Water supplies to 200,000 people in Shuyang county of east China's Jiangsu Province have been halted for more than 40 hours after ammonia and azote polluted a local river.
The county government said it was unable to tell when supplies would resume because the environment watchdog was yet to pinpoint the source of the pollutants before measures could be taken to curb the spill.
Harmful substances were detected in the water at 3:00 pm on Monday and the level of 28 mg per cubic meter is about three times the upper limit for drinkable water.
"The tap water turned yellowish and smelly at 3:00 pm. Supplies were cut off after a while," said Li Jinping, a resident in Xuefu Community in the county proper.
A resident from neighboring Huayuan Community complained her house had had no tap water since midday Monday. "Except for a few drops of red, stinky water on Monday night," said Wang Yinzhen.
An initial investigation indicated the pollution could have been caused by industrial sewage from chemical plants on the upper reaches of the Xinyi River, which originates in Shandong Province.
The county government is seeking help from Shandong to trace the pollution source.

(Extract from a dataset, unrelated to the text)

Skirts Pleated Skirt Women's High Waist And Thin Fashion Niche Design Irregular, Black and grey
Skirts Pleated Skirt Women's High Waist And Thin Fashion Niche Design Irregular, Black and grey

Meanwhile, it has arranged alternative water supplies from 33 unpolluted wells, a spokesman with the county government said.
He said the county had also diverted water from Hongze Lake into local water sources to dilute the pollutants.
Jiangsu suffered another water crisis at the end of May, when a severe blue-green algae outbreak left tap water undrinkable for a week for half of the 2.3 million residents in Wuxi city.
Barely two weeks after the water returned normal, satellite pictures captured on June 15 indicated another algae bloom spanning 800 square kilometers in the central-western and northern parts of the lake, causing wide-spread concern in cities along China's third largest fresh water lake.